Well, not really. Let’s test it out. We’ll be using StackOverflow, and hitting the Users table. We have a column, DisplayName, that’s an NVARCHAR(40), which sets us up well enough to demo.
My Favorite Martian
There’s a user with the handle Eggs McLaren, which cracks me up. It reminds me of this old Red Stripe commercial. I use him for all my demos, even though he doesn’t really exist.
So what happens when we go looking for Eggs?
DECLARE @DisplayName NVARCHAR(MAX) = 'Eggs McLaren' SELECT * FROM dbo.Users AS u WHERE u.DisplayName = @DisplayName GO
We get the correct results, but the execution plan has some bad news for us.
In short, we read everything in the clustered index. This could be mitigated with a smaller index, sure, but you’d still read all 5.2 million rows of it, and pass them into a filter operator. I’m using the clustered index here to highlight why this can be extra bad. We read and passed 22 GB of data into that filter operator, just to get one row out.

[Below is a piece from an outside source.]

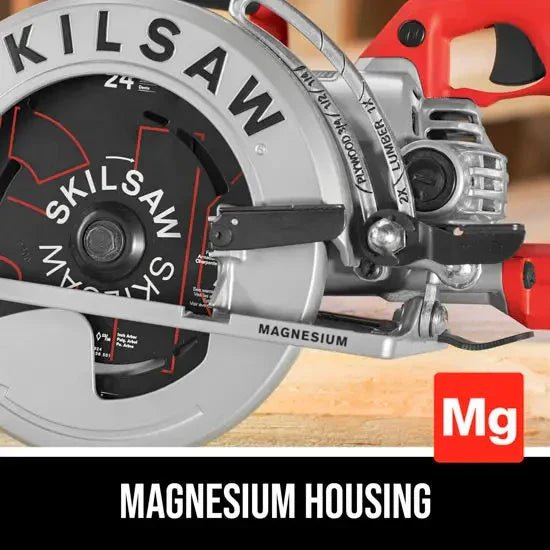 SKIL SPT77WML - 01 7 - 1/4 in. Lightweight Worm Drive SkilSaw - Lined Out SKIL SPT77WML - 01 7 - 1/4 in. Lightweight Worm Drive SkilSawHandheld Circular Saws
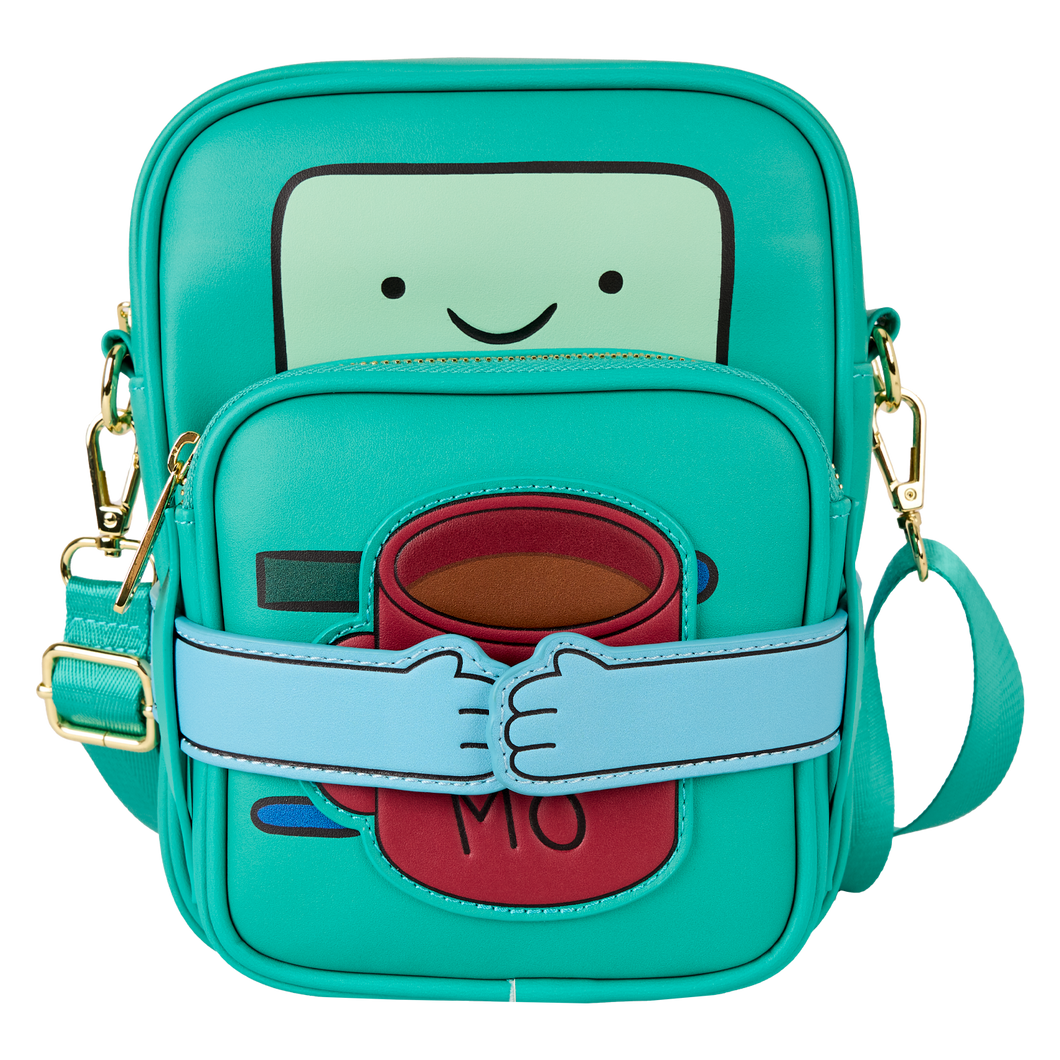 Loungefly Adventure Time BMO Crossbuddies Bag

Why is this bad, and when is it different?
SQL Server makes many good and successful attempts at something called predicate pushdown, or predicate pushing. This is where certain filter conditions are applied directly to the data access operation. It can sometimes prevent reading all the rows in a table, depending on index structure and if you’re searching on an equality vs. a range, or something else.

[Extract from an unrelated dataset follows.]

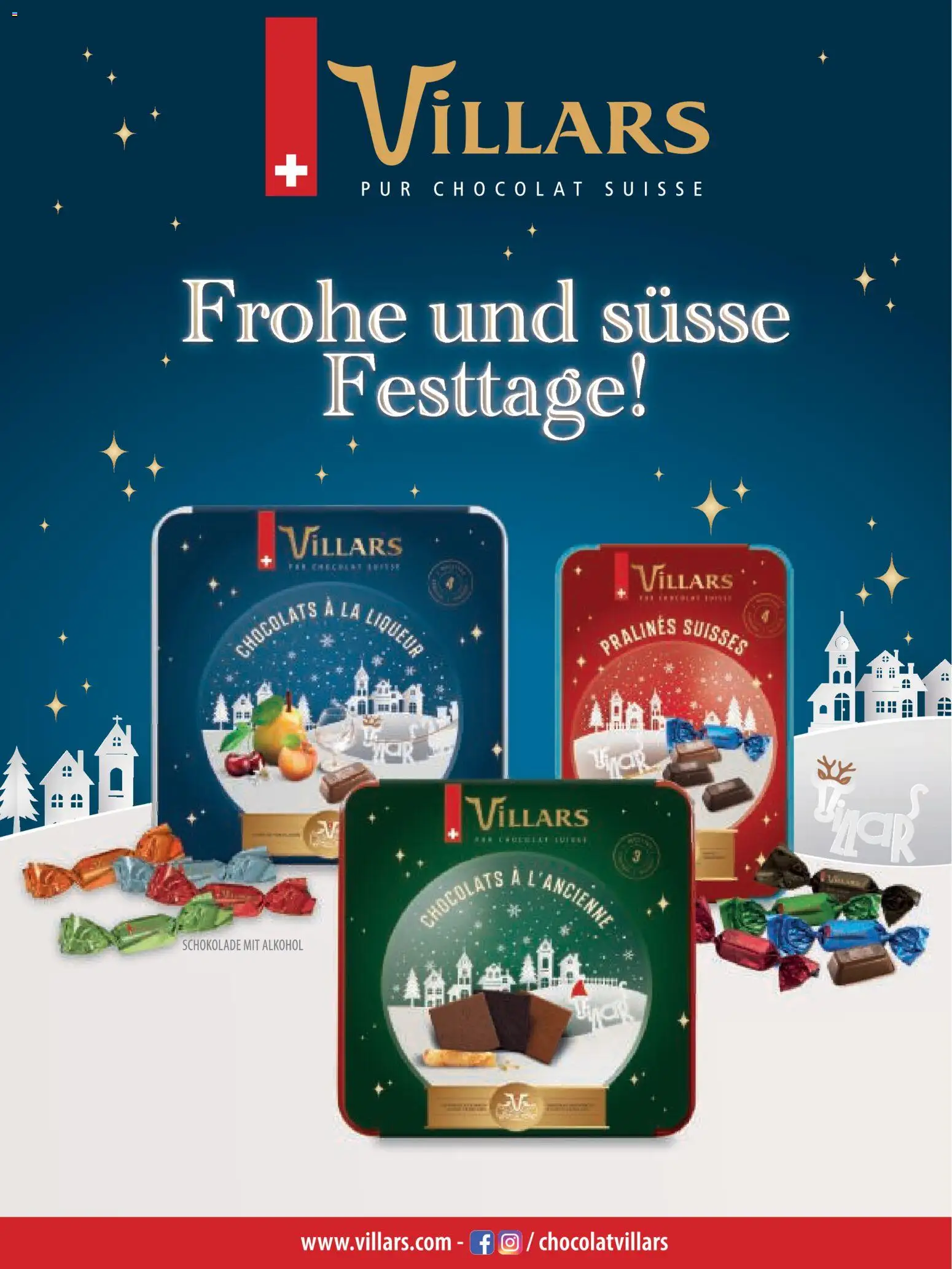Manor Aktionen Frohes Fest für Grosse Kinder – gültig ab 09.12.2025 | Seite: 21 | Produkte: Schokolade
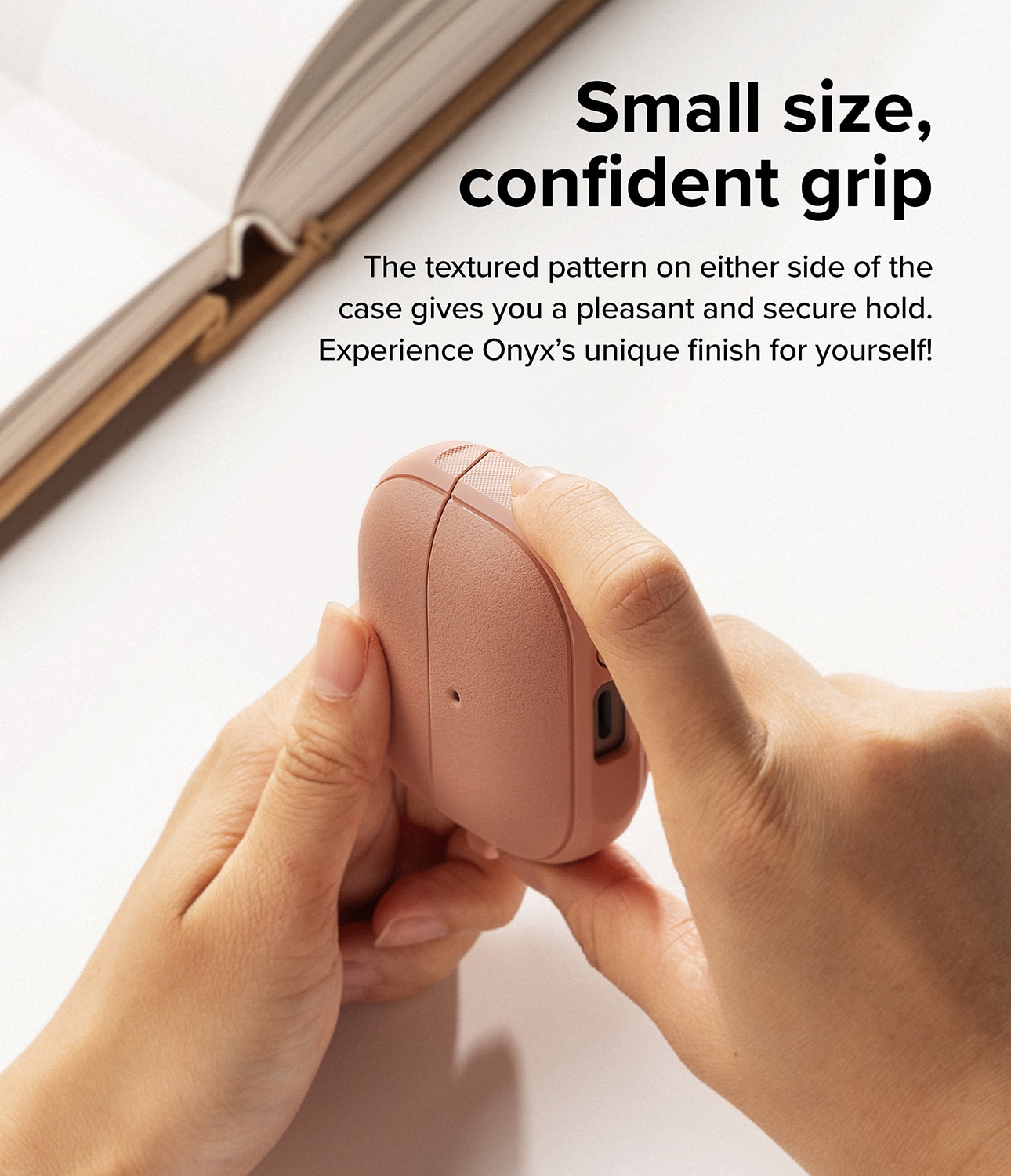 Onyx Magnetic Case Samsung Galaxy Buds 3 Pro Constant Coral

What it’s really good for is limiting data movement. When rows are filtered at access time, you avoid needing to pass them all to a separate operator in order to reduce them to the rows you’re actually interested in. Fun for you! Be extra cautious of filter operators happening really late in your execution plans.
Even adjusting the variable type to NVARCHAR(4000) gets us there. If your users need to pass in search strings longer than 4000 characters, you have some serious thinking to do.

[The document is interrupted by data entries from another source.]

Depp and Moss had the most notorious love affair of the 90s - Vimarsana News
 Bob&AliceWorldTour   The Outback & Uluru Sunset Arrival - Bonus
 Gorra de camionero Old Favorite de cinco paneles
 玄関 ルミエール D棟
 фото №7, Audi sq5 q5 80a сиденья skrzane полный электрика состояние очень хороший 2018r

DECLARE @DisplayName NVARCHAR(4000) = 'Eggs McLaren' SELECT * FROM dbo.Users AS u WHERE u.DisplayName = @DisplayName GO
Rather than 22 GB, we’re looking at passing 4850 bytes to the next operator. This seems much more optimal to me. Next up is figuring out which columns we actually need, so we’re not running SELECT * every time.
That’s another bummer.
Thanks for reading!